Exercise inputs.
[Start of Attachment]

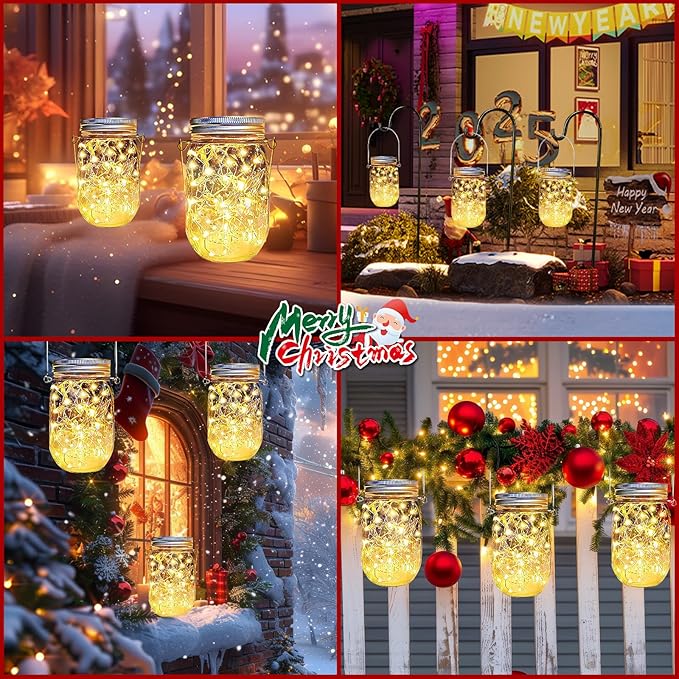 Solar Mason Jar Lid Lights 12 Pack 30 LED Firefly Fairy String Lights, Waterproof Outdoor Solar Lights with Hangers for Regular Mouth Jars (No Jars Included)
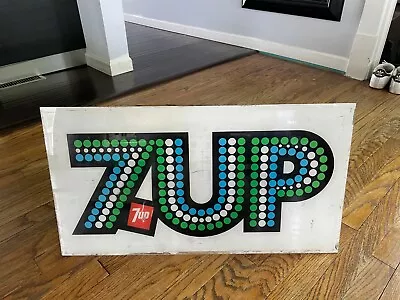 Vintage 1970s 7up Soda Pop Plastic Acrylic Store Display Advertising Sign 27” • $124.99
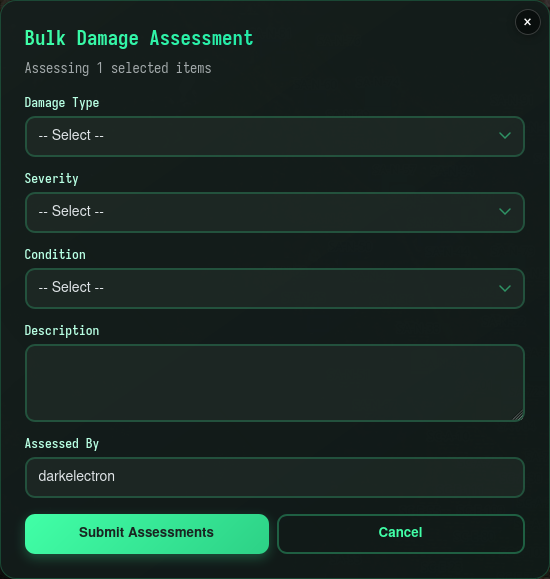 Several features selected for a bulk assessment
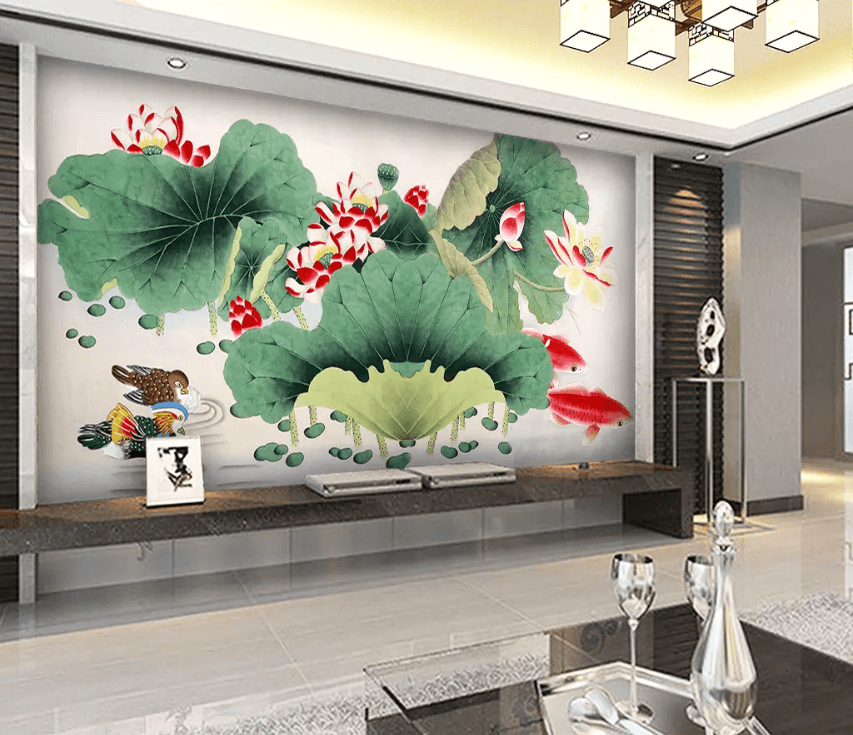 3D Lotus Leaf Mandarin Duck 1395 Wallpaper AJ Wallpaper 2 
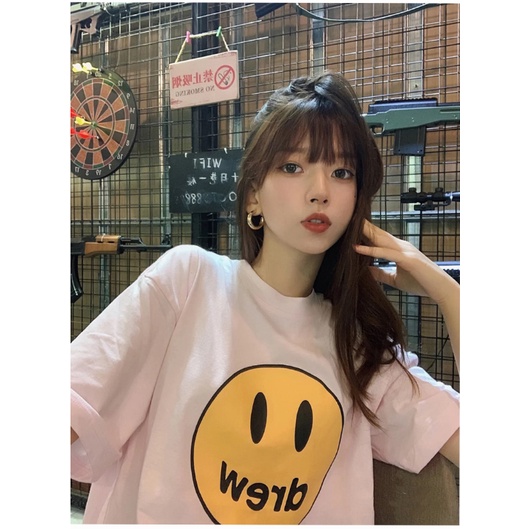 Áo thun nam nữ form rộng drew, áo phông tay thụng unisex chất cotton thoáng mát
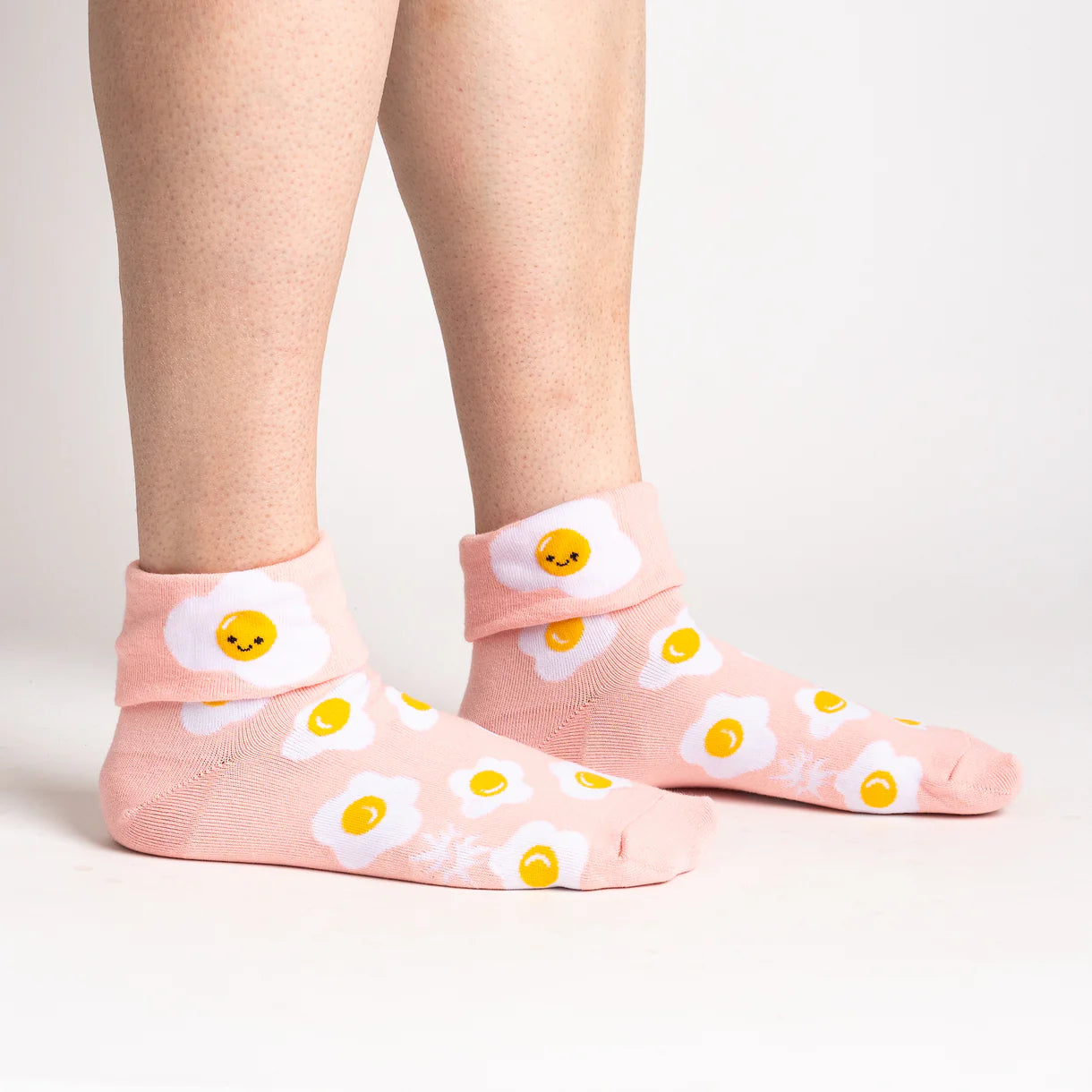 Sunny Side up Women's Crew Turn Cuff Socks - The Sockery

[End of Attachment]
[Start of Attachment]

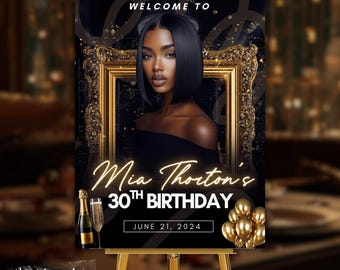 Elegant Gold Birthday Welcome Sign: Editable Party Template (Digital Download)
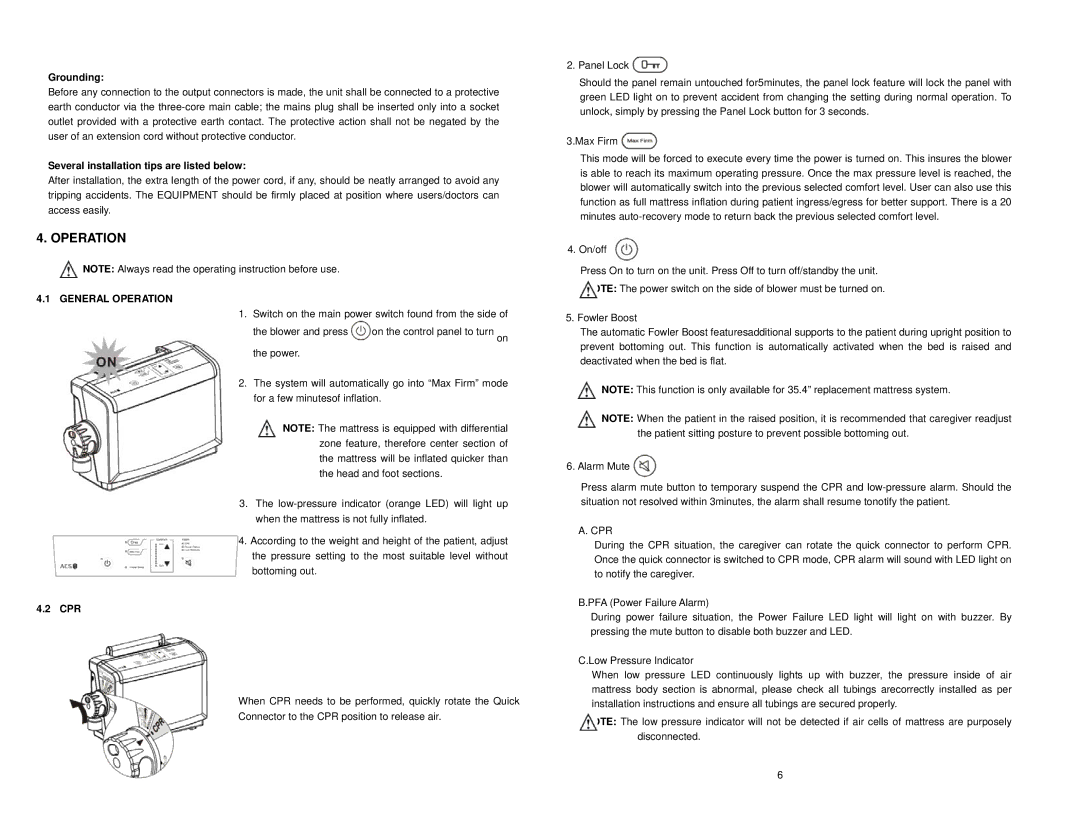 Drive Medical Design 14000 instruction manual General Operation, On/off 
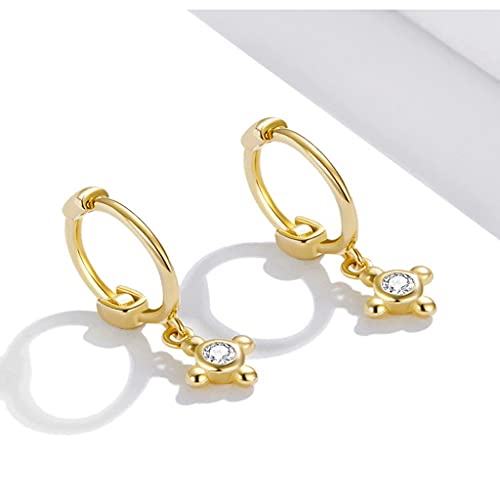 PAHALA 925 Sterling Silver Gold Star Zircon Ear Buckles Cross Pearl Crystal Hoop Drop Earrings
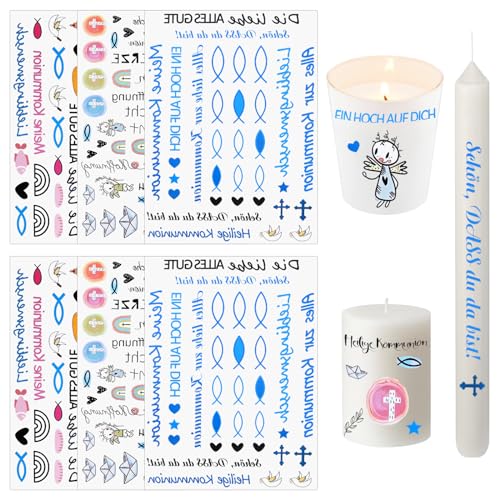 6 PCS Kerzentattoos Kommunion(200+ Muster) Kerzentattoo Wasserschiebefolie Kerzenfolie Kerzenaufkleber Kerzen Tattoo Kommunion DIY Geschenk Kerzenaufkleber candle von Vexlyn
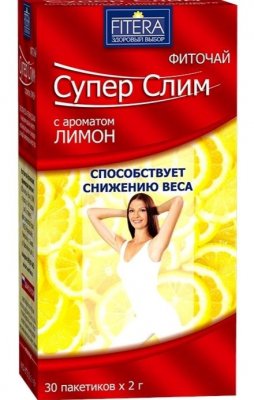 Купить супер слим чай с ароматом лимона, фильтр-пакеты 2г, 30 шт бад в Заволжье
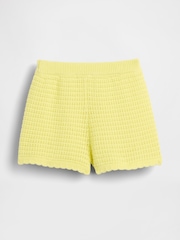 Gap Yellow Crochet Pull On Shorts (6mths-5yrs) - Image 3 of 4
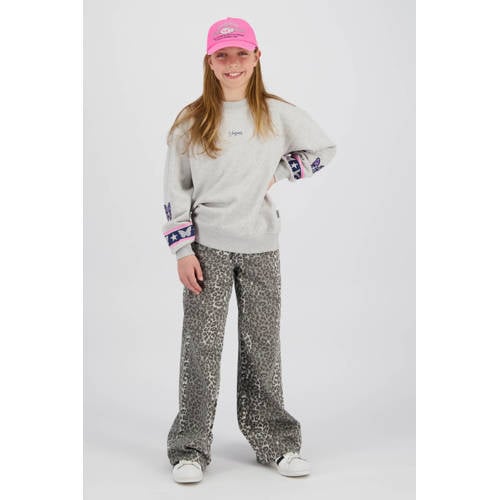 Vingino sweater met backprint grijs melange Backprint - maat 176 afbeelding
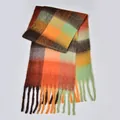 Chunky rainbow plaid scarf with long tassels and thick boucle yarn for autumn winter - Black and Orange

[End of Attachment]
[Start of Attachment]

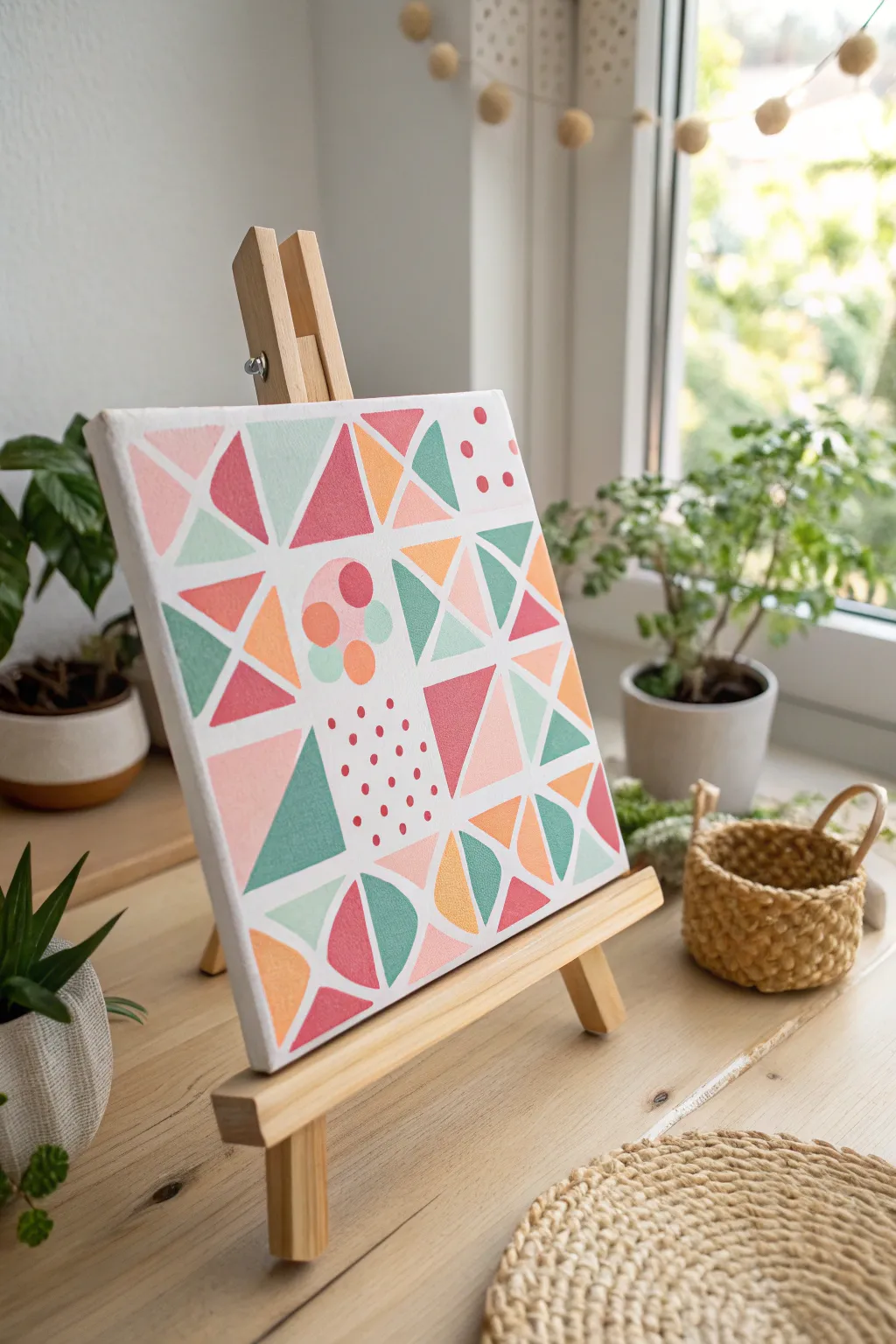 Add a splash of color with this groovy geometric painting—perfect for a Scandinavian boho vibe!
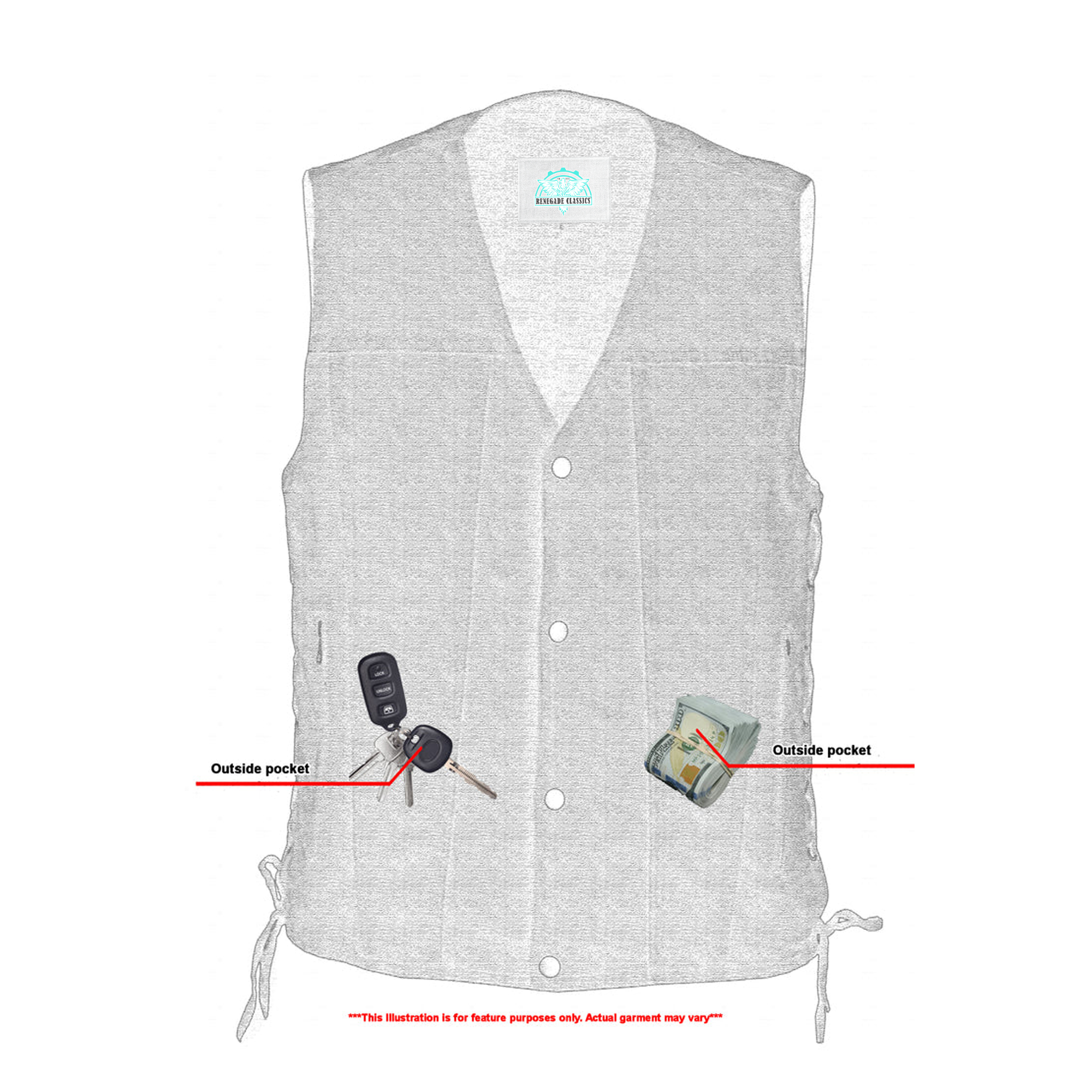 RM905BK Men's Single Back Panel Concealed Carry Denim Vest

[End of Attachment]

Exercise objective. Skipping every picture, transcribe exactly the lines above from the one containing "Add a splash" through the one containing "RM905BK Men's Single", both included.

Written answer.
 Add a splash of color with this groovy geometric painting—perfect for a Scandinavian boho vibe!
 RM905BK Men's Single Back Panel Concealed Carry Denim Vest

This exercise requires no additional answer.